Immediata è stata la reazione di Human Rights Watch Francia: “Firmando un mega-contratto con il governo di al-Sisi – ha detto il direttore della ‘filiale’ francese di Hrw, Benedicte Jeannerod – mentre quest’ultimo presiede la peggiore repressione degli ultimi decenni in Egitto, lo sradicamento della comunità dei diritti umani nel paese e gravissime violazioni dietro il pretesto di combattere il terrorismo, la Francia sta solo incoraggiando questa brutale repressione”.
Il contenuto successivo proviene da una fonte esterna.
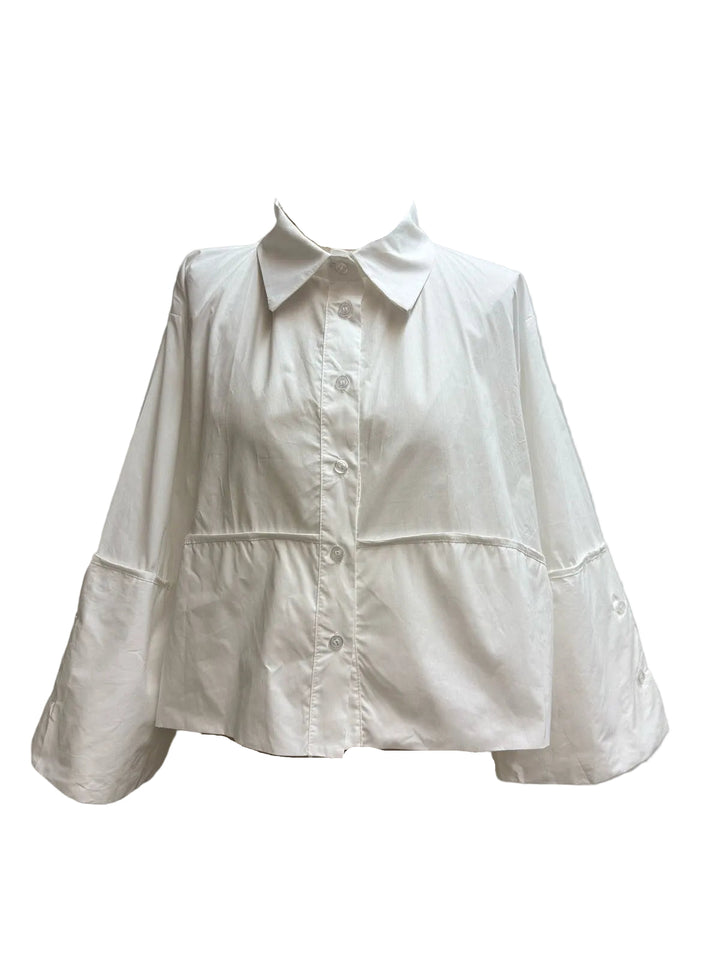 SELECTED BY KABARE - Josia - Skjorta med vid ärm - Vit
La risposta l’aveva data lo stesso presidente Macron a inizio dicembre quando, insieme ad altri funzionari governativi, ripeteva che per essere efficaci nel migliorare la situazione egiziana è molto meglio criticare dietro le quinte, caso per caso, piuttosto che esporre l’Egitto alla gogna internazionale e punirlo per le sue azioni. Una politica molto simile a quella italiana: davanti alla Commissione parlamentare d’inchiesta sulla morte di Giulio Regeni, l’allora presidente del Consiglio Giuseppe Conte parlò, nel giugno 2020, di business per la verità. Ovvero restare amici del Cairo tramite affari succulenti sperando così di poter fare pressione sul fronte dei diritti umani.
Una strategia bislacca che nella storia non ha mai funzionato. Lo dimostrano, a distanza di anni, i 60mila prigionieri politici che restano dietro le sbarre, l’agonia di Patrick Zaki e la mancata verità per Giulio Regeni.